**Instructions to follow:** Copy every line of the material precisely.

**Data extract:**
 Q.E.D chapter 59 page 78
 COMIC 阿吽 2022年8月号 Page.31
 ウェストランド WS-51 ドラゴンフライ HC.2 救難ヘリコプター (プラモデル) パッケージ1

**Response:**
 Q.E.D chapter 59 page 78
 COMIC 阿吽 2022年8月号 Page.31
 ウェストランド WS-51 ドラゴンフライ HC.2 救難ヘリコプター (プラモデル) パッケージ1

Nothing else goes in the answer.